(Short text fragments from websites)
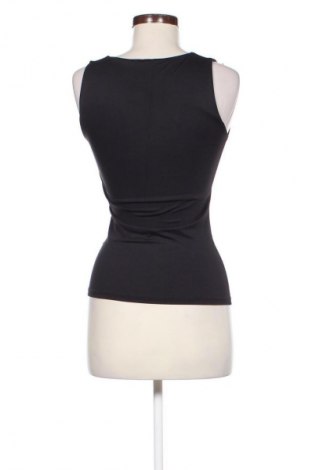 Damski top Unbranded, Rozmiar S, Kolor Czarny, Cena 22,99 zł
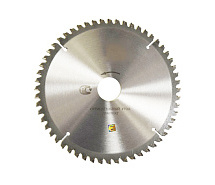 Диск пильный по ламинату 200х56Тх30мм (отрицательный угол) АТАКА 8078200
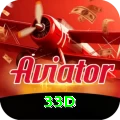 33d Plus v2.3.3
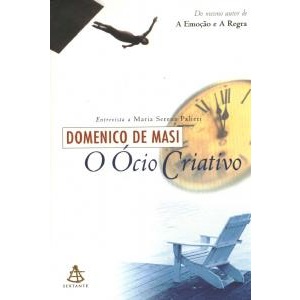 Livros Diversos, Preço Único - O Ócio Criativo, As Heroínas da Bíblia - Sara, Poderosa - Diário de uma Garota Que Tinha o Mundo na Mão, The Walking Dead - A Ascensão do Governador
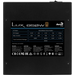 Aerocool LUX850 PC Захранване 850W 80 Plus Bronze 230V 88%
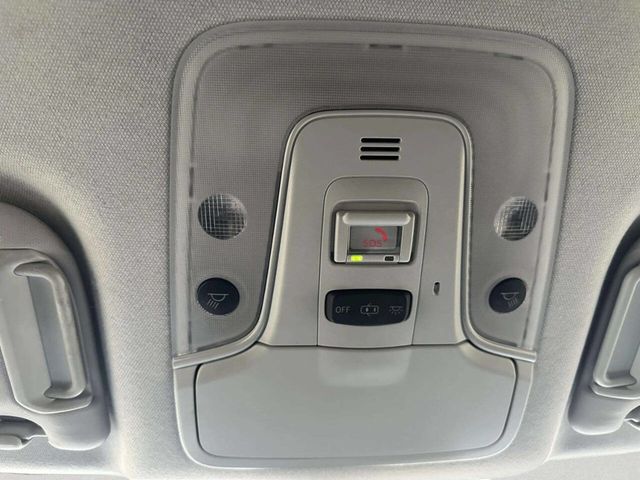 2021 Toyota Prius 20th Anniversary Edition - 23025284 - 33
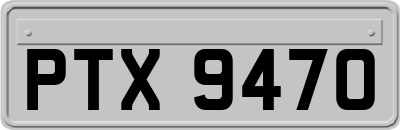 PTX9470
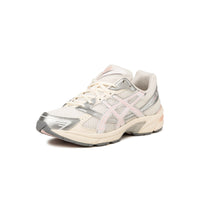 ASICS GEL-1130 Cream/Pink Cloud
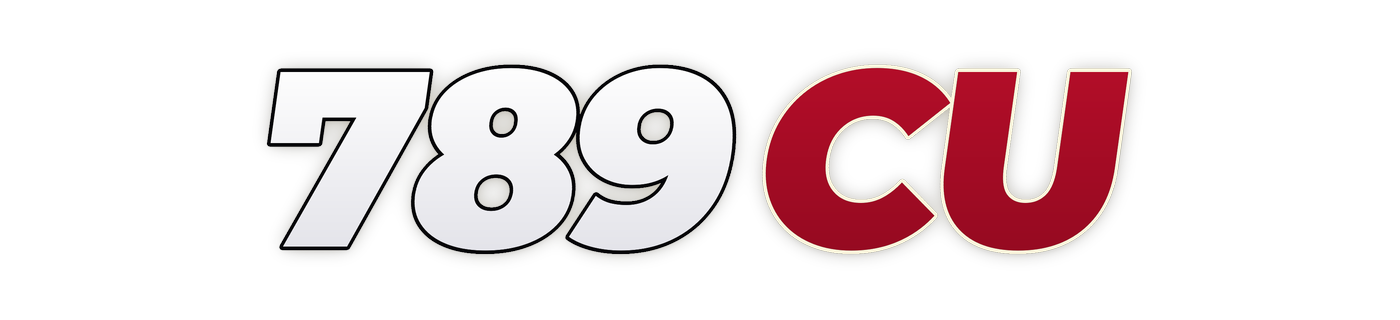 789cu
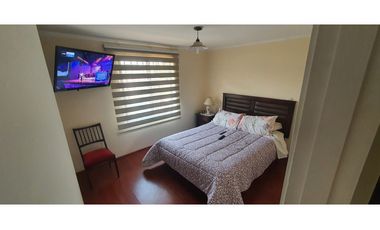 Venta de Casa en Blanco Encalada, Quilpué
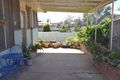 Property photo of 288 Warialda Street Moree NSW 2400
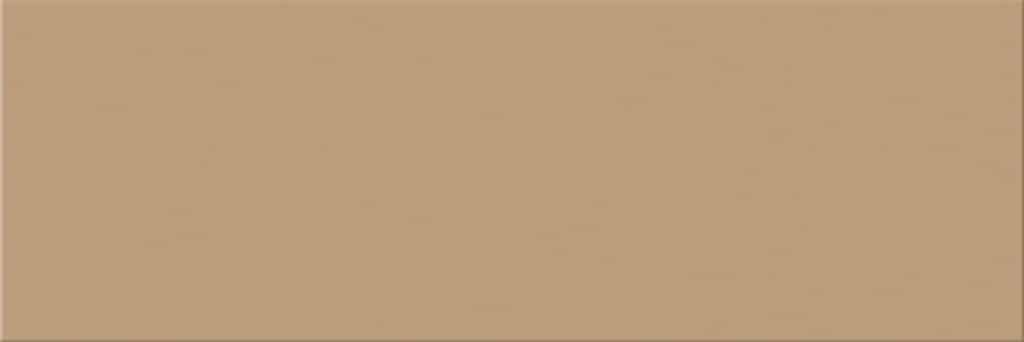 Croma 1030 Wool 10x30 MATT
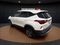 2021 Kia Seltos LX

▶ AIM OF THE TASK
Produce an exact copy of the records above, leaving out the pictures.

▶ WRITTEN SOLUTION
 Damski top Unbranded, Rozmiar S, Kolor Czarny, Cena 22,99 zł
 Диск пильный по ламинату 200х56Тх30мм (отрицательный угол) АТАКА 8078200
 33d Plus v2.3.3
 Livros Diversos, Preço Único - O Ócio Criativo, As Heroínas da Bíblia - Sara, Poderosa - Diário de uma Garota Que Tinha o Mundo na Mão, The Walking Dead - A Ascensão do Governador
 Aerocool LUX850 PC Захранване 850W 80 Plus Bronze 230V 88%
 2021 Toyota Prius 20th Anniversary Edition - 23025284 - 33
 PTX9470
 ASICS GEL-1130 Cream/Pink Cloud
 789cu
 Venta de Casa en Blanco Encalada, Quilpué
 Property photo of 288 Warialda Street Moree NSW 2400
 Croma 1030 Wool 10x30 MATT
 2021 Kia Seltos LX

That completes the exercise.